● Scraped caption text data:
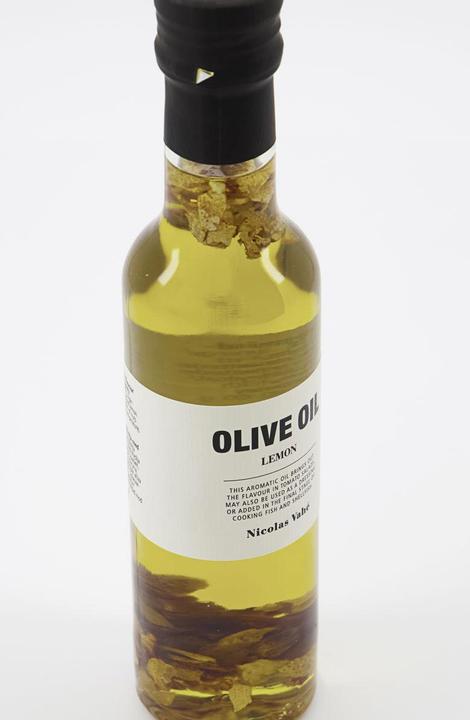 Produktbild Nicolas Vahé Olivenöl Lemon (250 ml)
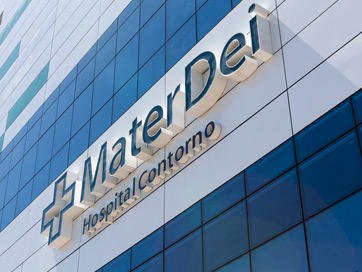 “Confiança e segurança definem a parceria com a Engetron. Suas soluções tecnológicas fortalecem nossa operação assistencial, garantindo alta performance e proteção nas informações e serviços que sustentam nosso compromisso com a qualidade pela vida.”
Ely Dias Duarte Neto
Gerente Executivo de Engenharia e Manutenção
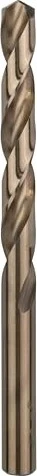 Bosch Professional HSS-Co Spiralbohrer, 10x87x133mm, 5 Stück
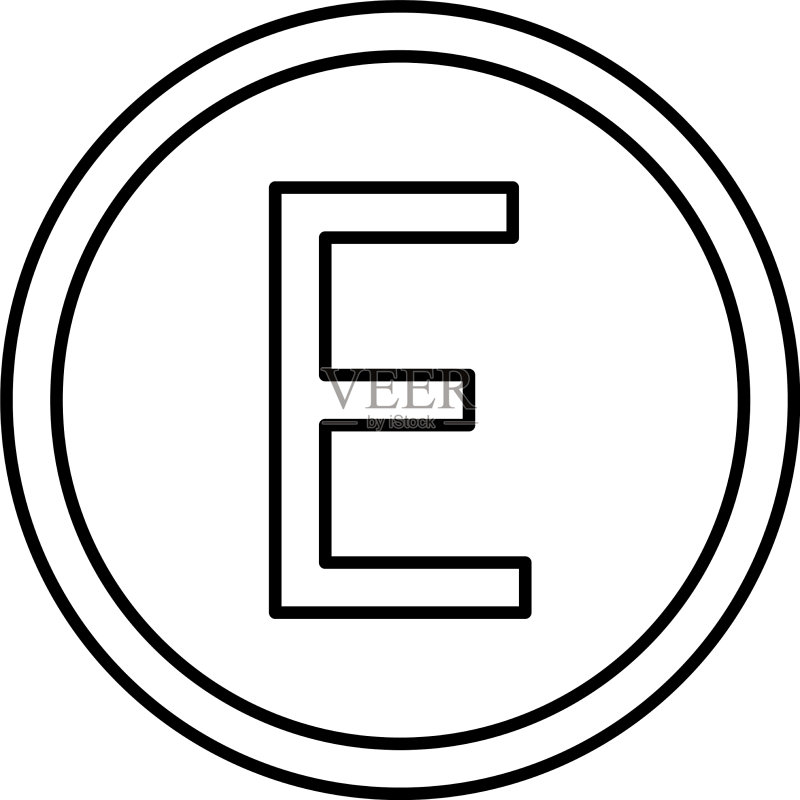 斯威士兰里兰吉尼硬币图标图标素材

● What is needed:
Return the opening line of the data above and every line after it up to and including the line that holds "Gerente Executivo de Engenharia e Manutenção"; pictures stay out.

● Exercise response:
 Produktbild Nicolas Vahé Olivenöl Lemon (250 ml)
 “Confiança e segurança definem a parceria com a Engetron. Suas soluções tecnológicas fortalecem nossa operação assistencial, garantindo alta performance e proteção nas informações e serviços que sustentam nosso compromisso com a qualidade pela vida.”
Ely Dias Duarte Neto
Gerente Executivo de Engenharia e Manutenção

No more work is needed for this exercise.